The total amount of CPU-accessible memory can be limited. Besides, access from the GPU may be slower compared to GPU-only memory, so dynamic buffers should not be used to store resources that are constant or change infrequently.

Streaming Buffer

Streaming buffer is not an API object, but rather a strategy that allows uploading variable amounts of data to the GPU in an efficient manner. The idea of streaming buffer can be summarized as follows:

Create dynamic buffer large enough to encompass the maximum amount of data that can be uploaded to GPU.

  • First time, map the buffer with MAP_FLAG_DISCARD flag.
    • This will discard previous buffer contents and allocate new memory.
  • Set current buffer offset to zero, write data to the buffer and update the offset accordingly.
  • Unmap the buffer and issue draw command.
    • Note that in Direct3D12 and Vulkan backends, unmapping the buffer is not required and can be safely skipped to improve performance.
  • When mapping the buffer next time, check if the remaining space is enough to encompass the new polygon data.
  • If there is enough space, map the buffer with MAP_FLAG_DO_NOT_SYNCHRONIZE flag.
    • This will tell the system to return previously allocated memory. It is the responsibility of the application to not overwrite the memory that is in use by the GPU.
    • Write new data at current offset (which guarantees that bytes previously written and currently used by the GPU will not be affected) and update the offset.
  • If there is not enough space, reset the offset to zero and map the buffer with MAP_FLAG_DISCARD flag to request new chunk of memory.

Textures

While buffers are simply linear regions of memory, textures are optimized for efficient sampling operations and use opaque layouts that are typically not exposed to the application. As a result, only the driver knows how to write data to the texture. Linear texture layouts are allowed in Direct3D12 and Vulkan, but they are less efficient.

Texture initialization

Similar to buffers, initial data can be supplied to textures at creation time. For USAGE_STATIC textures this is the only way.

TexDesc TexDesc;
TexDesc.Type = RESOURCE_DIM_TEX_2D;
TexDesc.Format = TEX_FORMAT_RGBA8_UNORM_SRGB;
TexDesc.Width = 1024;
TexDesc.Height = 1024;
TexDesc.MipLevels = 1;
TexDesc.BindFlags = BIND_SHADER_RESOURCE;
TexDesc.Usage = USAGE_STATIC;

TextureData InitData;
// Pointer to subresouce data, one for every mip level
InitData.pSubResources = subresources;
InitData.NumSubresources = _countof(subresources);

RefCntAutoPtr<ITexture> Texture;
Device->CreateTexture(TexDesc, InitData, &Texture);

Texture initialization is performed similar to buffer initialization. In Direct3D11 and OpenGL/GLES backends, there are corresponding native API calls. In Direct3D12/Vulkan backends, the engine creates temporary staging texture in a CPU-writable memory, copies the data to this memory and then issues a GPU copy command.

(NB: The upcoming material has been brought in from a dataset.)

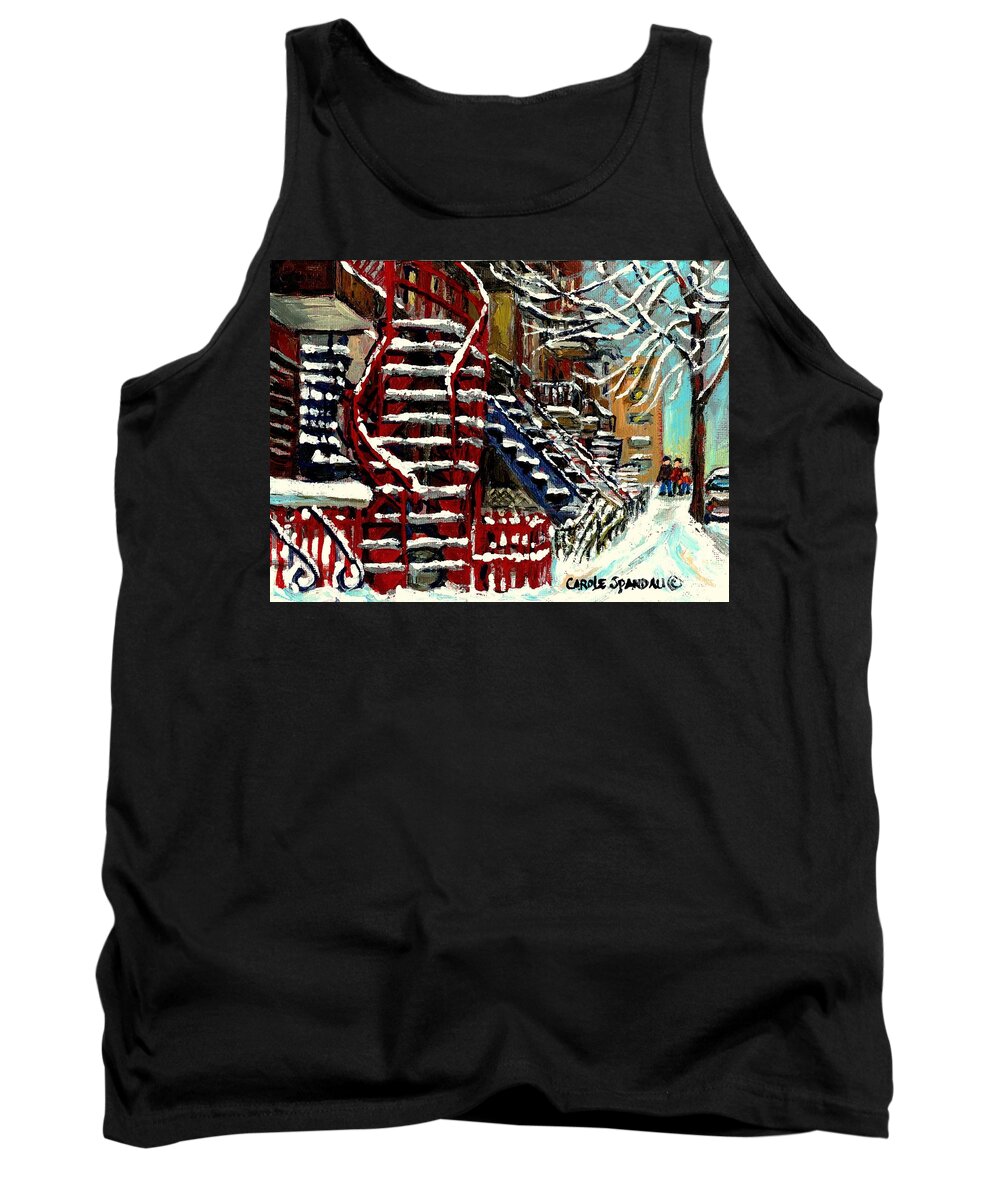 Montreal Tank Top featuring the painting Snowy Steps The Red Staircase In Winter In Verdun Montreal Paintings City Scene Art Carole Spandau by Carole Spandau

Updating textures with ITexture::UpdateData()

The first way to update textures is to use ITexture::UpdateData() method. The method works similar to IBuffer::UpdateData() and writes new data to a given texture region:

Box UpdateBox;
Uint32 Width = 128;
Uint32 Height = 64;
UpdateBox.MinX = 16;
UpdateBox.MinY = 32;
UpdateBox.MaxX = UpdateBox.MinX + Width;
UpdateBox.MaxY = UpdateBox.MinY + Height;

TextureSubResData SubresData;
SubresData.Stride = Width * 4;
SubresData.pData = Data.data();
Uint32 MipLevel = 0;
Uint32 ArraySlice = 0;
Texture->UpdateData(m_pImmediateContext, MipLevel,
                    ArraySlice, UpdateBox, SubresData);

Under the hood this maps to the following native API commands:

OpenGL/GLES backend

The operation directly translates to glTexSubImage** family of functions.

Direct3D11 backend

As with buffer updates, in Direct3D11 backend, this call directly maps to ID3D11DeviceContext::UpdateSubresource.

Direct3D12/Vulkan backend

As with buffers, to update a texture the next-gen backends first allocate region in a CPU-accessible memory and copy client data to this region. They then perform necessary state transitions and issue GPU copy command that writes pixels to the texture using GPU-specific layout.

Performance

Usage scenarios are similar to buffer updates: the operation should be used for textures whose contents stay mostly constant and only occasionally requires updates.

Limitations

As the operation involves two copies and state transitions, it is not efficient for frequent texture updates.

Mapping textures

Mapping a texture is a second way to update its contents. From the API side, mapping textures looks similar to mapping buffers:

Uint32 MipLevel = 0;
Uint32 ArraySlice = 0;
MappedTextureSubresource MappedSubres;
Box MapRegion;
Uint32 Width = 128;
Uint32 Height = 256;
MapRegion.MinX = 32;
MapRegion.MinY = 64;
MapRegion.MaxX = MapRegion.MinX + Width;
MapRegion.MaxY = MapRegion.MinY + Height;
Texture->Map(m_pImmediateContext, MipLevel,
             ArraySlice, MAP_WRITE, MAP_FLAG_DISCARD,
             &MapRegion, MappedSubres);
WriteTextureData((Uint8*)MappedSubres.pData, Width,
                 Height, MappedSubres.Stride);
Texture->Unmap(m_pImmediateContext, 0, 0);

What happens under the hood is very different compared to buffers.

OpenGL/GLES backend

Mapping textures is currently not supported in OpenGL/GLES backends.

Direct3D11 backend

In Direct3D11 backend, this call directly maps to ID3D11DeviceContext::Map with D3D11_MAP_WRITE_DISCARD flag.

Direct3D12/Vulkan backend

There are no dynamic textures in next-gen backends in a way similar to dynamic buffers. While buffers can easily be suballocated from another buffer by binding parent buffer and applying an offset, there is no similar way for textures. So even if the required memory was suballocated from the dynamic buffer, there would be no way to treat this memory as a texture. Binding the memory to an existing texture is also not allowed. As a result, mapping textures in Direct3D12/Vulkan backend does not differ significantly from updating textures with ITexture::UpdateData(). When mapping a texture, the engine returns the pointer to the CPU-accessible memory directly that avoids one copy. However, GPU-side copy and most importantly state transitions are still performed.

Performance

It is not exactly clear what Direct3D11 does under the hood. The two most likely options are either creating linear-layout texture and suballocating it from CPU-accessible memory every time Map is called, or performing the same operations as Diligent's next-gen backends.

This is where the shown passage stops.